Write data to an XDS file
The necessity to modify existing XDS ascii files or to simulate new ones (by developers to test software, for example) can be satisfied with the use of the writeXDS_ASCII
function. The nature and quality of the file produced will depend on the feasibility and accuracy of the information provided. For this reason, it is more difficult to write an XDS ascii file for unmerged data because a lot of information of an experimental nature has to be provided so to produce a sensible header.

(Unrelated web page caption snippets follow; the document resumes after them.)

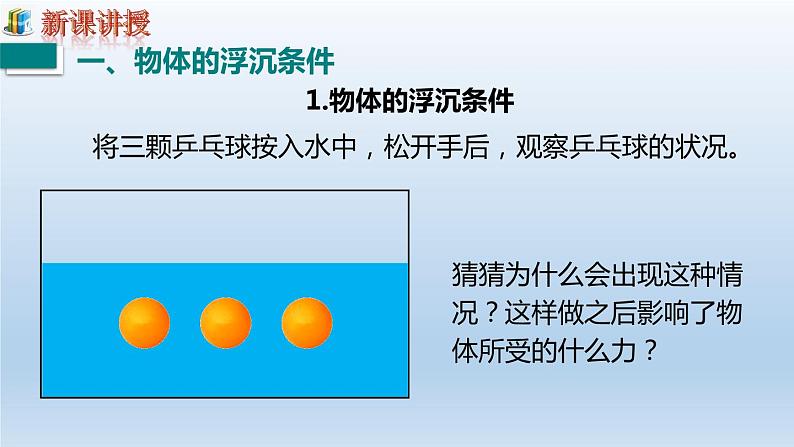 第十章浮力第3节物体的浮沉条件及应用课件第3页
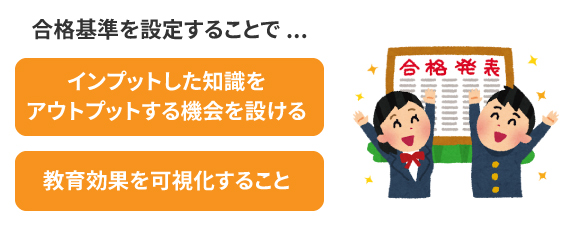 eラーニングの研修で成功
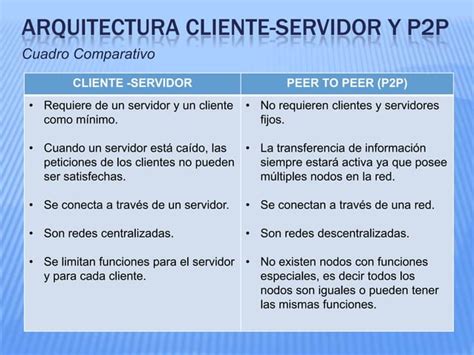 Arquitectura Cliente Servidor Y P2p Ppt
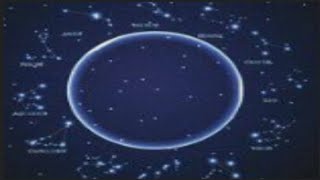 PERBINTANGAN MALAM SELASA Bintang zahroh ( Wajib Di mengerti Oleh Seorang Paranormal / Spiritual )
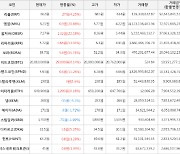 가상화폐 비트코인 29,000원 상승한 20,810,000원에 거래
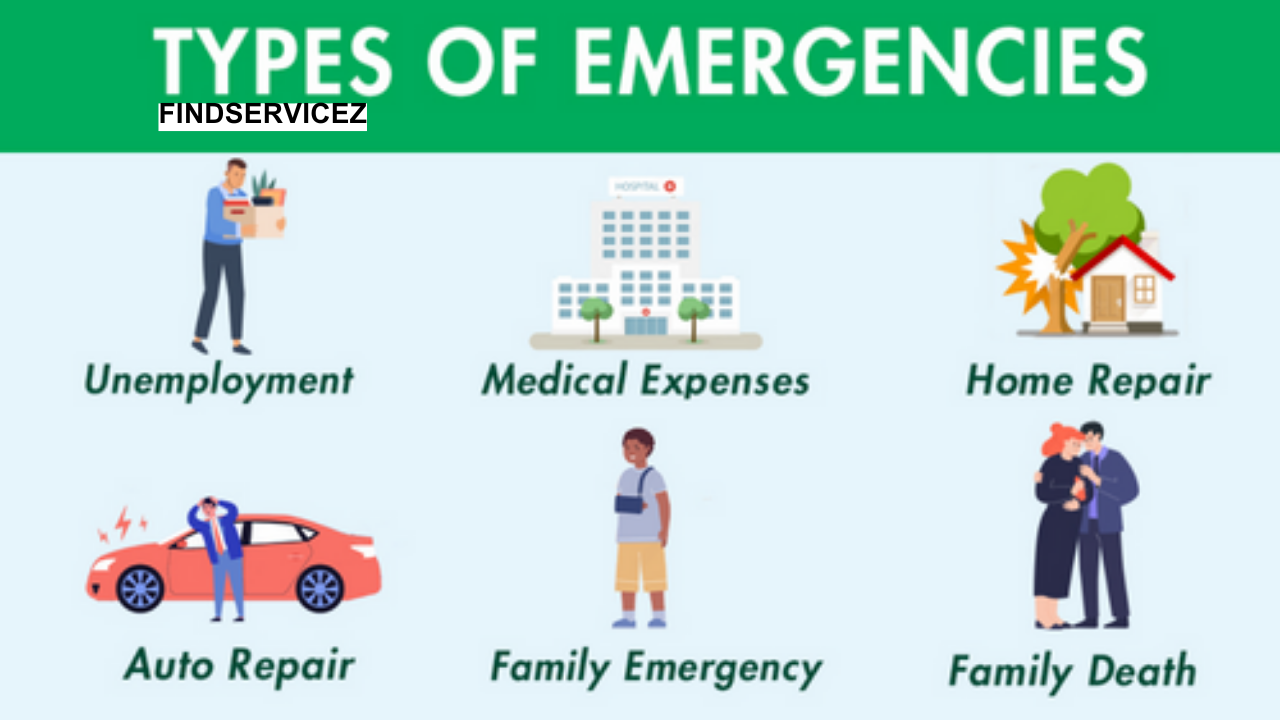 Family Emergency Fund: How to Build One for Peace of Mind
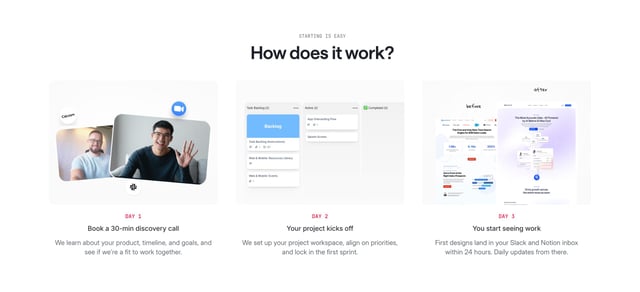 DesignMe How It Works Section
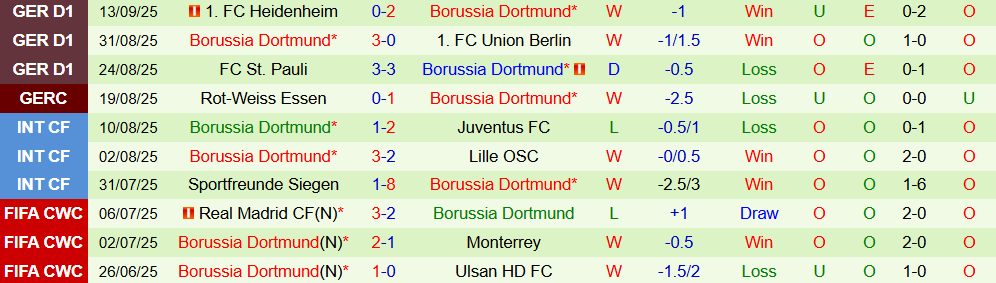 Soi kèo góc Juventus vs Dortmund, 02h00 ngày 17/9 - Ảnh 2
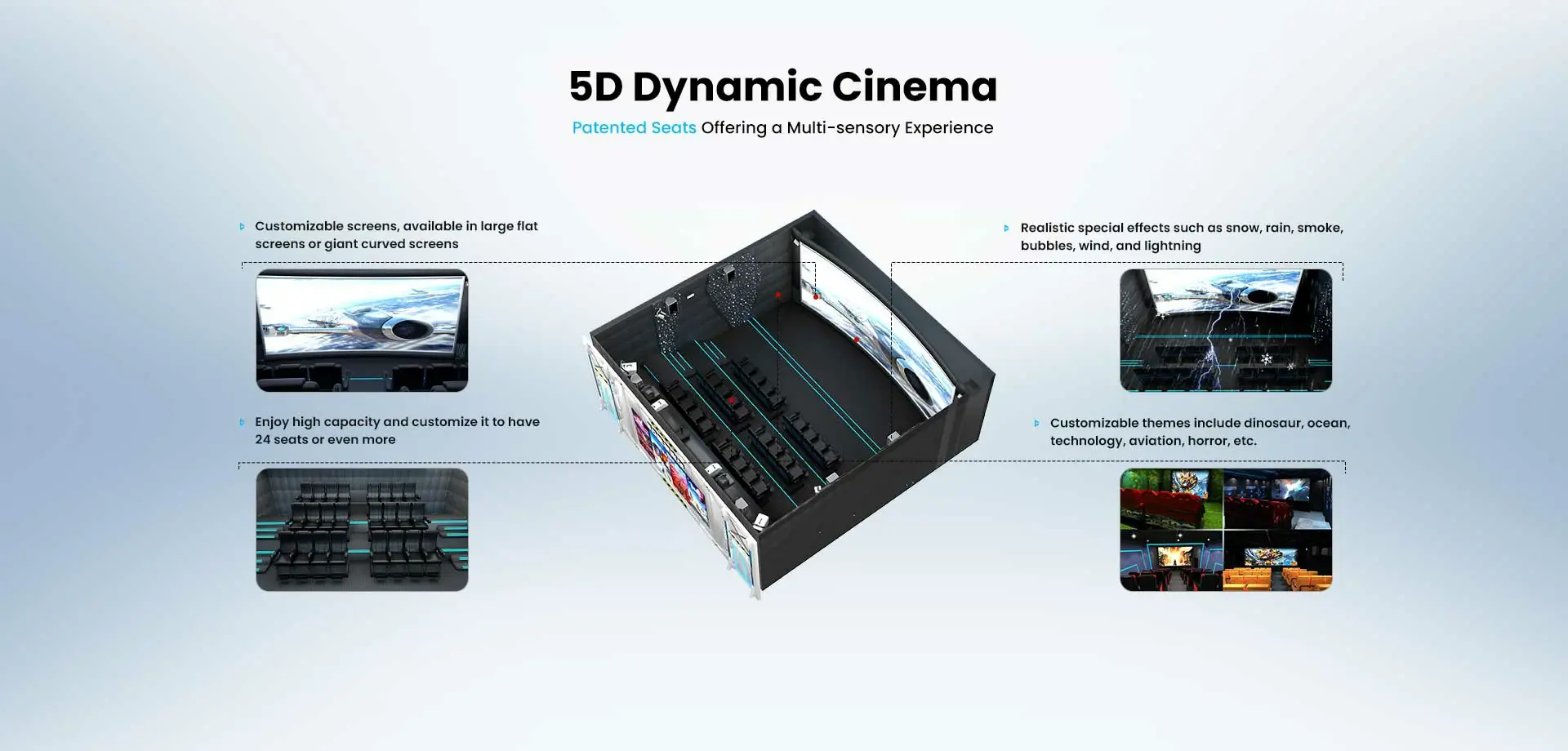 5D Dynamic Cinema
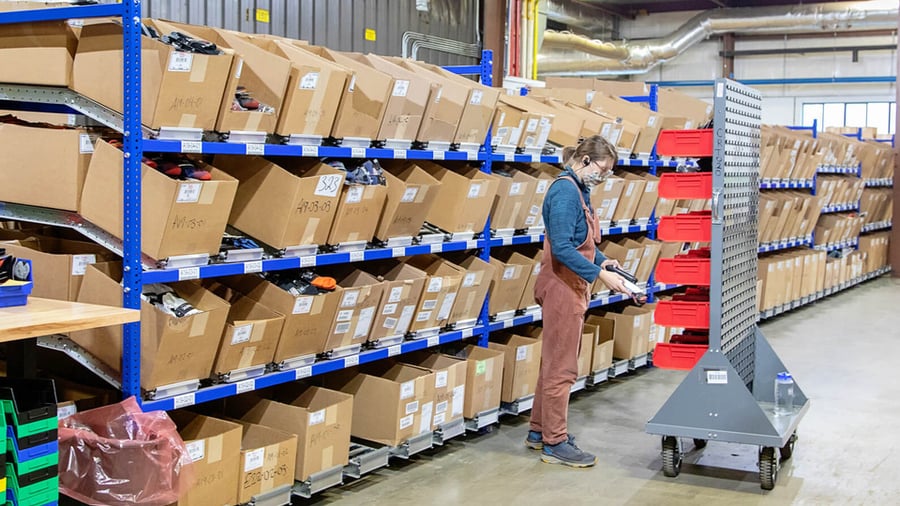 omnichannel-order-fulfillment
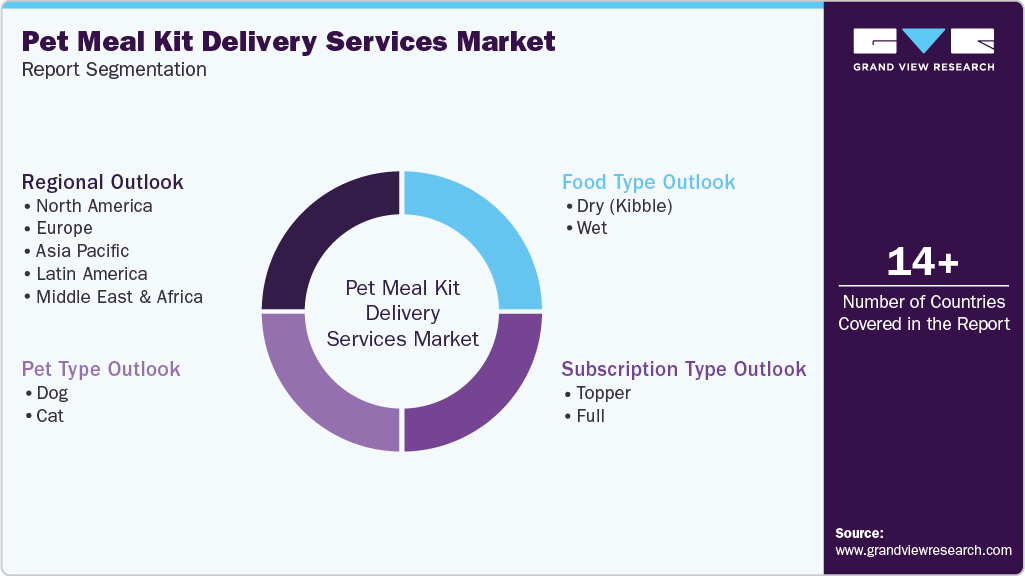 Global Pet Meal Kit Delivery Market Report Segmentation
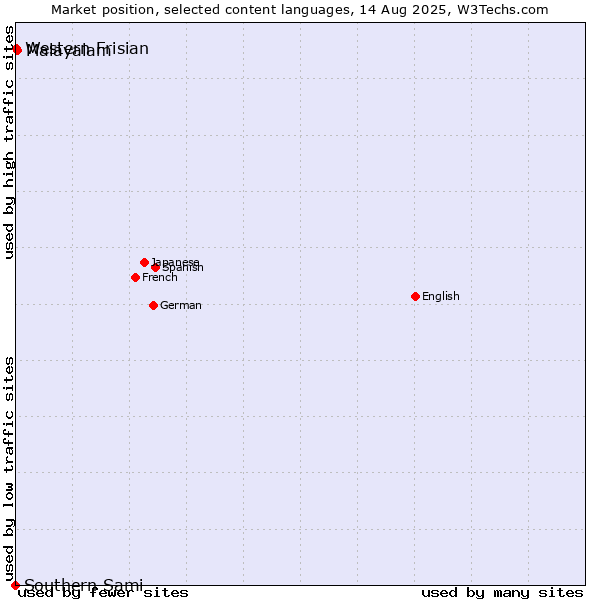 Market position of Malayalam vs. Western Frisian vs. Southern Sami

In this section the original data from the “6vww_xds_ascii_merged.hkl” file will be truncated to 2 angstroms and written to a new XDS ascii file with a different date.
# Date
ddd <- as.character(Sys.Date())
stmp <- strsplit(ddd,"-")[[1]]
allMonths <- c("Jan","Feb","Mar","Apr","May","Jun",
"Jul","Aug","Sep","Oct","Nov","Dec")
objXDS2$header$DATE <- paste0(stmp[3],"-",
allMonths[as.integer(stmp[2])],"-",stmp[1])
# Generated by
objXDS2$header$GENERATED_BY <- "CRY"
# Data to 2 angstroms resolution
idx <- which(resos >= 2)
objXDS2$reflections <- objXDS2$reflections[idx,]
# Temporary directory for output
tdir <- tempdir()
fname <- file.path(tdir,"new.hkl")
# Write changed data to the new XDS ascii file
writeXDS_ASCII(objXDS2$processing_info,objXDS2$header,
objXDS2$reflections,fname)
Data from the new XDS ascii file can either be explored using XDS software, or read back into R using again readXDS_ASCII
.
# Read data from "new.hkl"
newXDS <- readXDS_ASCII(fname,message=TRUE)
#>
#> File read successfully.
#> There are 24689 reflections in this file.
#> Here is a summary of the observations:
#>
#> Min. 1st Qu. Median Mean 3rd Qu. Max.
#> -1.085 2.383 3.091 3.062 3.782 5.888